Freie Fahrt durch Europa? Das gilt
bisher leider nur auf der Straße und in der
Luft. Das Eisenbahnnetz in der EU
hingegen gleicht bisher noch immer dem
berühmten Teppich aus mittlerweile
25 Flicken. Die EU-Kommission will nun
den Personenverkehr auf der Schiene
für den europaweiten Wettbewerb öffnen
- und findet dabei die Unterstützung
des Europäischen Parlaments. Das
sogenannte III. Eisenbahnpaket, in
dem die Maßnahmen für ein Aufbrechen
der nationalen Monopole gebündelt sind,
ist auf bestem Wege.
Man stelle sich vor: Ein Lkw, der in Litauen
startet und bis nach Frankreich will, muss
bereits an der Grenze zu Polen seinen ersten
Stopp machen. Grund: Fahrerwechsel,
denn der Führerschein des Truckers gilt nur
im eigenen Land. Dasselbe Spiel würde sich
an der Oder wiederholen - und schließlich
noch einmal am Rhein, weil der deutsche
Fahrer natürlich nicht in Frankreich lenken
darf. Gleiches könnte auch mit dem Fahrzeug
selbst geschehen, falls es auf fremden
Straßen keine Zulassung hat. Ein absurdes
Beispiel? Bezogen auf den europäischen Eisenbahnverkehr
leider nein. Denn hier sind
Landesgrenzen innerhalb der EU noch wahre
Hürden. Was bei den Lokführern anfängt,
setzt sich bei dem Zugang zu den Netzen fort
und findet bei den Fahrgastrechten seinen
traurigen Abschluss: Derzeit gibt es keinen
zufriedenstellenden europäischen Eisenbahnverkehr.
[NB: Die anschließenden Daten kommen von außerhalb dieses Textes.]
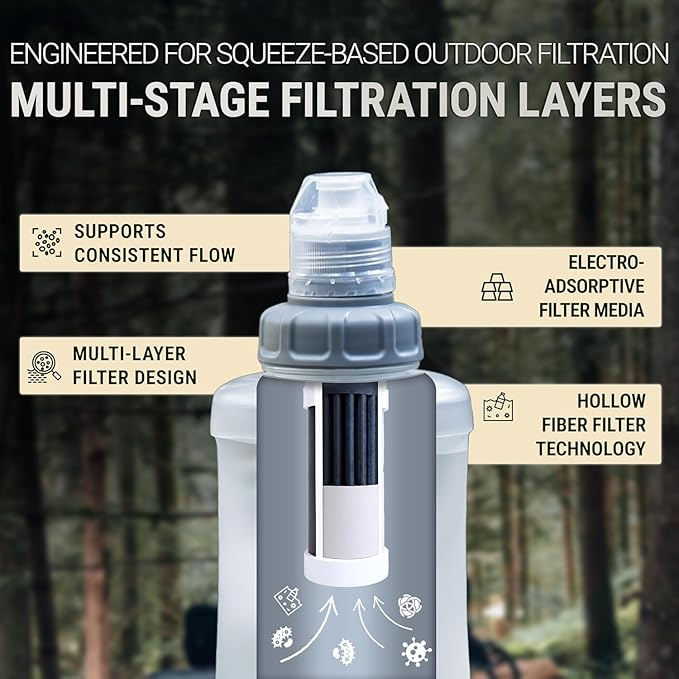 Water Filter Camping – Bachgold Squeeze Foldable Squeeze Bottle | Ultralight Backpacking Filtration for Hiking Survival &amp Emergency | Dual-Stage Filtration Swiss Design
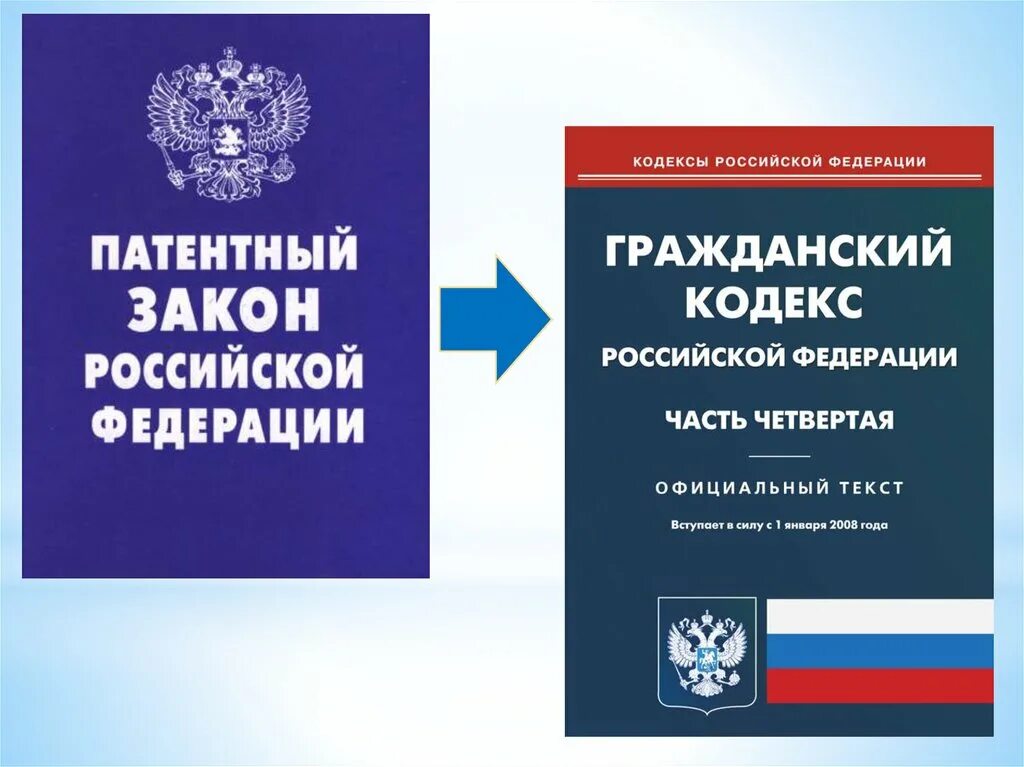 Кодекс рф глава 5. Патентный закон. Патентное законодательство РФ. Патентный закон Российской Федерации. Федеральный закон "о патентных поверенных.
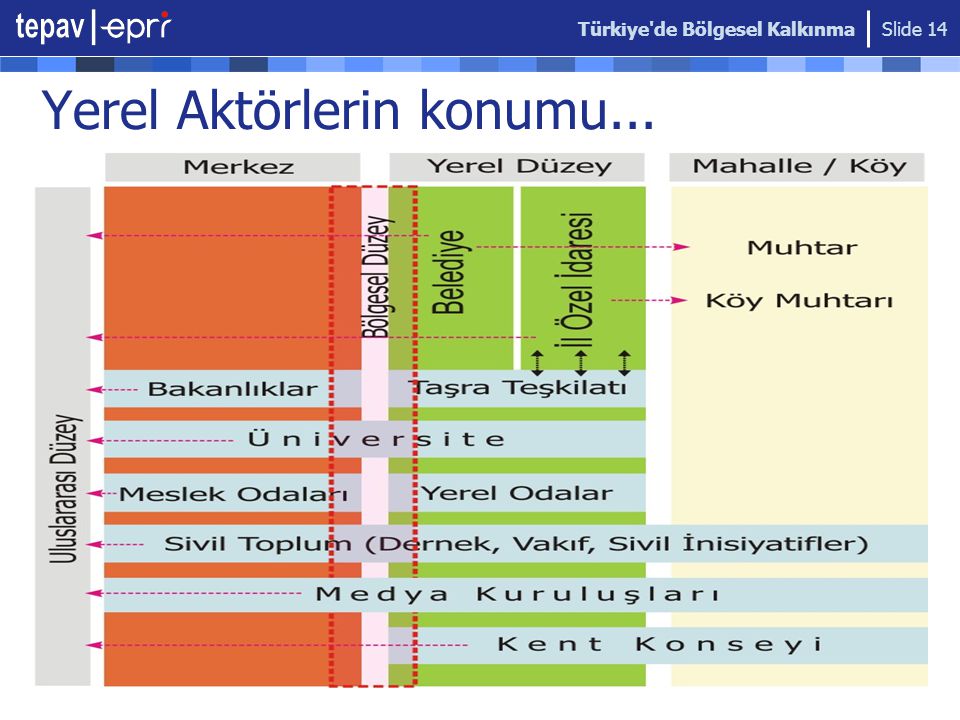Türkiye de Bölgesel Kalkınma Slide 14 Yerel Aktörlerin konumu...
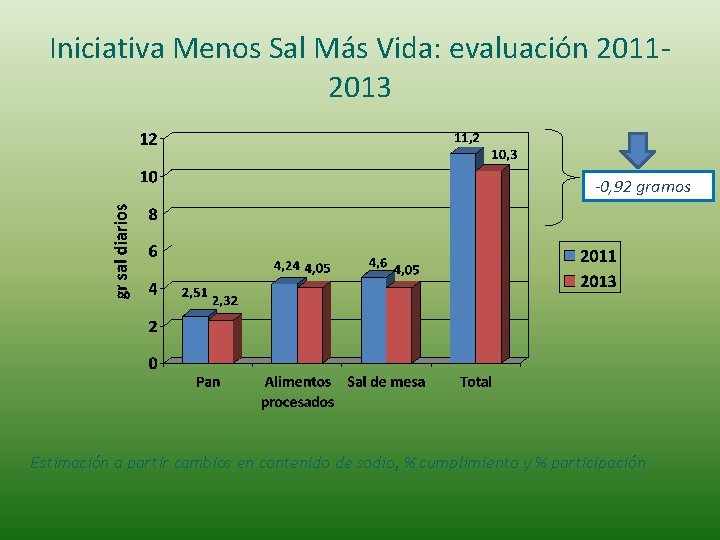 Iniciativa Menos Sal Más Vida: evaluación 20112013 -0, 92 gramos Estimación a partir cambios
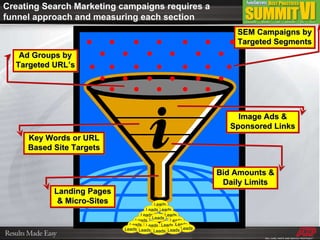 Ad Groups by Targeted URL’s Leads Leads Leads Leads Leads Leads Leads Leads Leads Leads Leads Leads Leads Leads Landing Pages & Micro-Sites Key Words or URL Based Site Targets Bid Amounts & Daily Limits SEM Campaigns by Targeted Segments Image Ads & Sponsored Links Leads Leads Leads Creating Search Marketing campaigns requires a funnel approach and measuring each section 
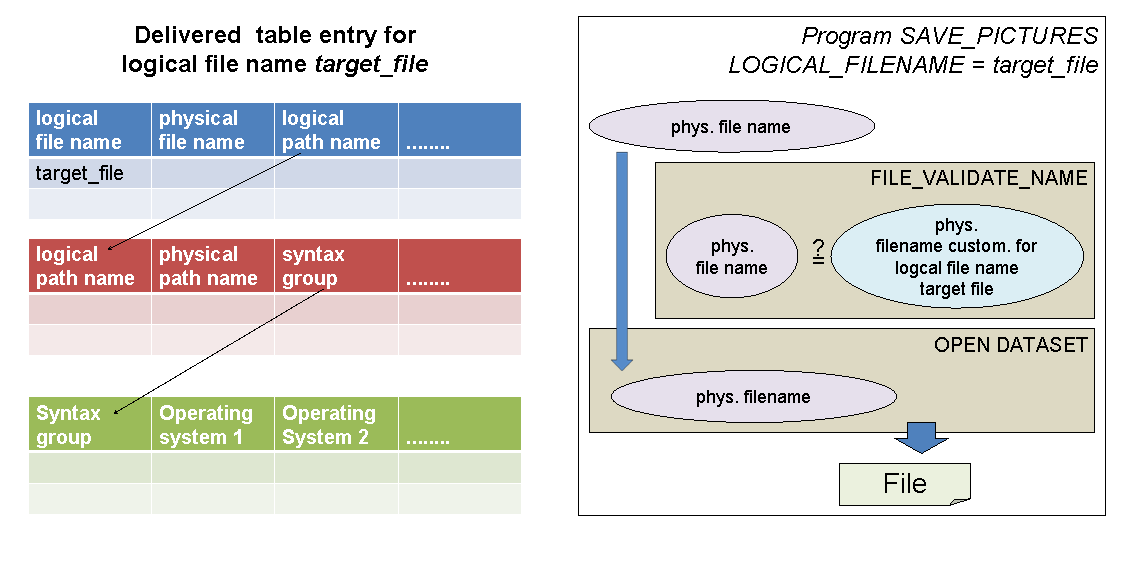 This graphic is explained in the accompanying text.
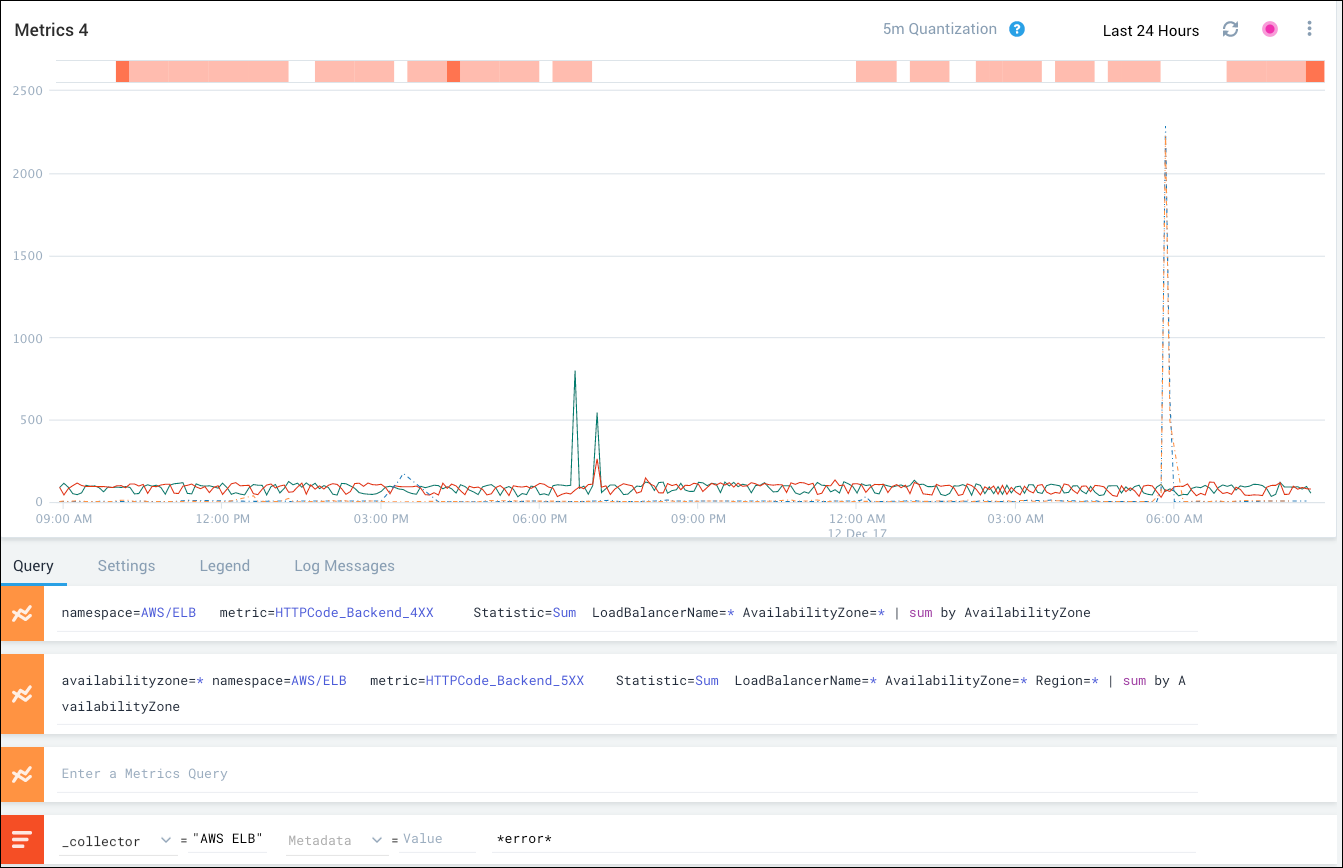 Log overlay orange bar.png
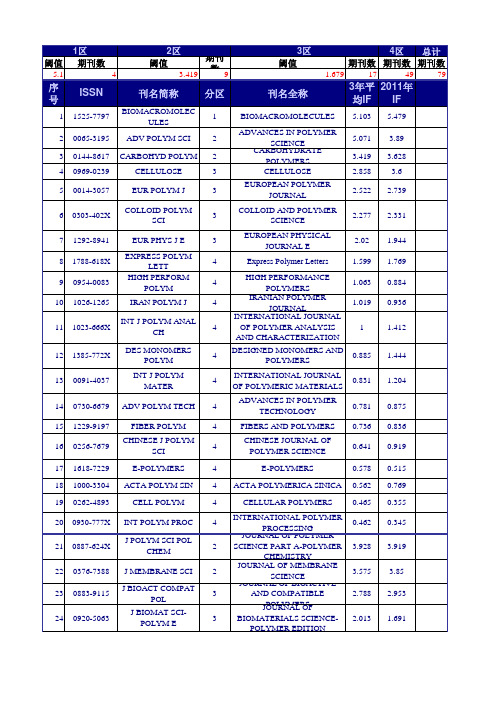 高分子SCI中科院分区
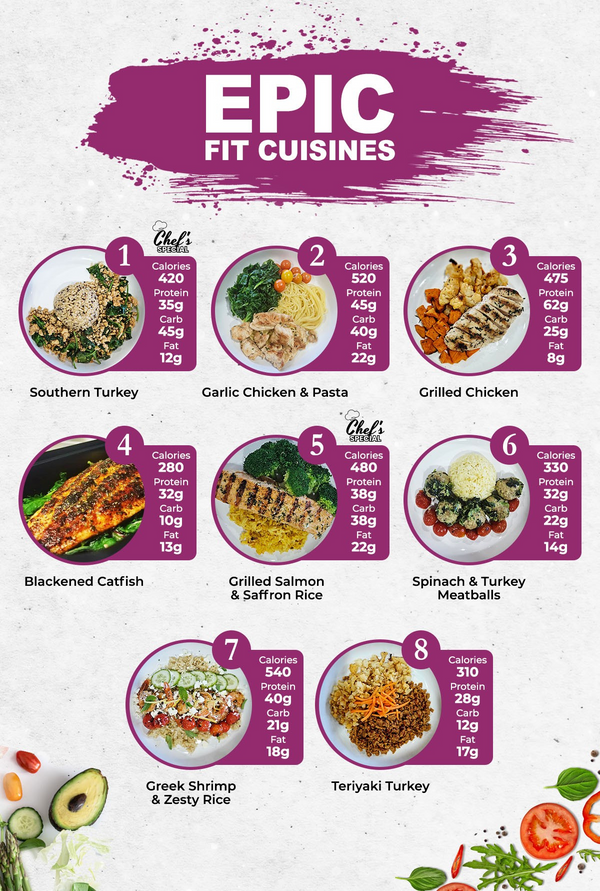5 Mix & Match Meal Plan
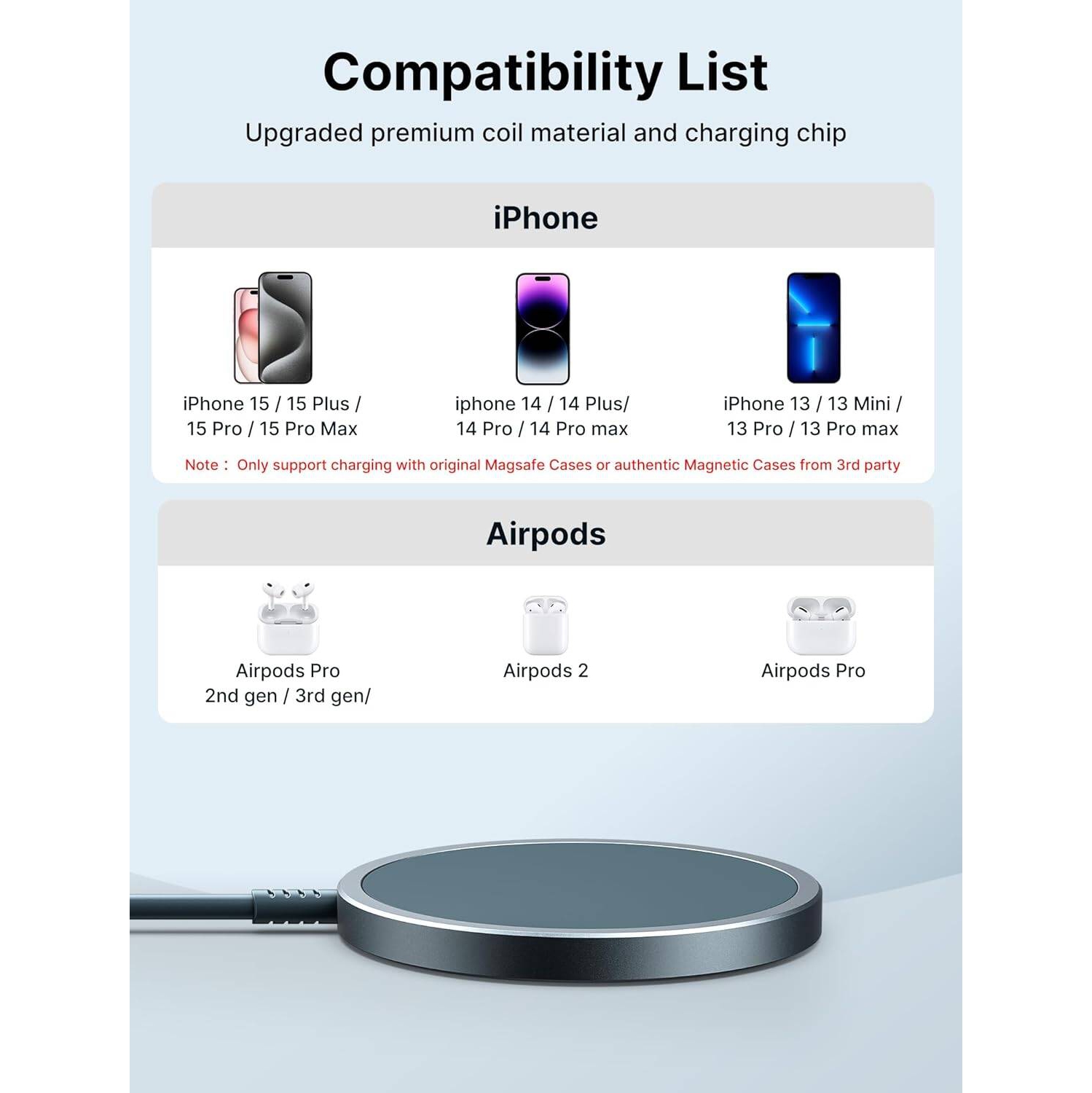 2 Pack Magnetic Wireless Charger Compatible with MagSafe Charger for iPhone 15/15 Pro/15 Plus/15 Pro Max/14/14 Pro/14 Plus/14 Pro Max/13/13 Pro/13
Europäischer Lok-Führerschein
Die EU will diesen Zustand beenden und hat
im vergangenen Jahr das III. Eisenbahnpaket
vorlegt, das nach den Vorarbeiten der ersten
beiden Pakete den kontrollierten Wettbewerb
auf Europas Schienen mit eröffnen
soll. Vier Maßnahmen stehen dabei im Mittelpunkt:
- der europäische Lokomotivführerschein,
- die Rechte der Fahrgäste im Eisenbahnverkehr,
- die Fahrgastbeförderung im Personenverkehr,
- die Qualitätsanforderungen für den Güterverkehr.
Der Verkehrsauschuss im Europäischen Parlament
hat die Vorlage der Kommission als
Paket begrüßt und wichtige zusätzliche Erfolge
erzielt. Im April hat der Ausschuss seine
Stellungnahme abgeben, eine Zustimmung
des gesamten Europäischen Parlaments im
Herbst gilt als sicher. Damit sind die Weichen
gestellt für eine europäische Bahnpolitik im
Interesse der Fahrgäste.
Der europäische Lok-Führerschein wurde
mit großer Mehrheit beschlossen. Damit
wird der Fahrerwechsel an der Grenze
zwischen den Mitgliedsstaaten überflüssig.
Der Richtlinie über die Harmonisierung und
Zertifizierung von Triebwagenführern liegen
bilaterale Abkommen zwischen den Sozialpartnern
ETF (Europäische Transportarbeiter-Föderation)
und CER (Gemeinschaft der
Europäischen Bahnen und Infrastrukturgesellschaften)
zugrunde.
Die Fahrgastrechte sollen gestärkt werden.
Der verabschiedete umfassende Katalog
orientiert sich am Flugverkehr, um
Wettbewerbsnachteile für die Bahn zu vermeiden.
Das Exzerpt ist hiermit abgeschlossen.